I am inwardly boiling with indignation at this stupid prejudiced attempt to dictate policy to us and break us, for that is what it is really; and if it goes on I shall be for taking the hottest election, upon who is to govern the country, that has ever been in our time.

In the present crisis it has not been possible to secure the peace of Europe: because there has been little time, and there has been a disposition—at any rate in some quarters on which I will not dwell—to force things rapidly to an issue, at any rate to the great risk of peace, and, as we now know, the result of that is that the policy of peace as far as the great powers generally are concerned is in danger. I do not want to dwell on that, and to comment on it, and to say where the blame seems to us lie, which powers were most in favor of peace, which were most disposed to risk war or endanger peace, because I would like the House to approach this crisis in which we are now from the point of view of British interests, British honor, and British obligations, free from all passion as to why peace has not yet been preserved.

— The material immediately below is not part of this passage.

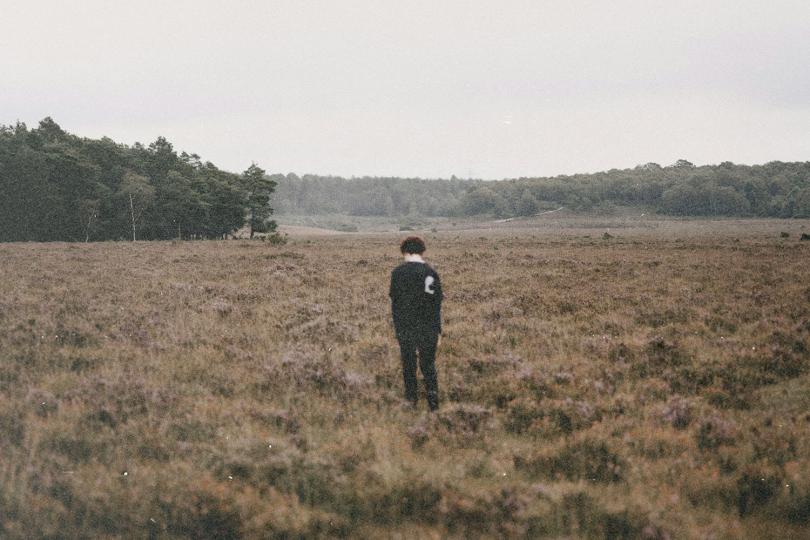 Person standing alone in a wide, grassy field bordered by distant trees under an overcast sky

The example would spread, and I am not without hope that one or more great European Powers would eventually make a similar agreement with us and the United States. The effect of such agreements on disarmament and the morale of international politics would be considerable.

The British, French, and Russian Governments mutually engage not to conclude peace separately during the present war. The three Governments agree that when terms of peace come to be discussed no one of the Allies will demand terms of peace without the previous agreement of each of the other Allies.

We worked for peace up to the last moment, and beyond the last moment. How hard, how persistently, and how earnestly we strove for peace last week the House will see from the papers that will be before it. But that is over, as far as the peace of Europe is concerned. We are now face to face with a situation and all the consequences which it may yet have to unfold.

The future liberties of Europe depend upon regulating disputes between nations by justice and law; and upon maintaining the sanctity of treaties, and thus making peace secure. That is the policy for which the League of Nations was created to be the instrument. If it does not prevail, then there will be renewed competition in armaments; nations ruining themselves by expensive preparations for new war, which will make their ruin complete. The result will be wars or more revolutions, probably both; and that in no very long time. No nation, not even France herself, will escape the catastrophe.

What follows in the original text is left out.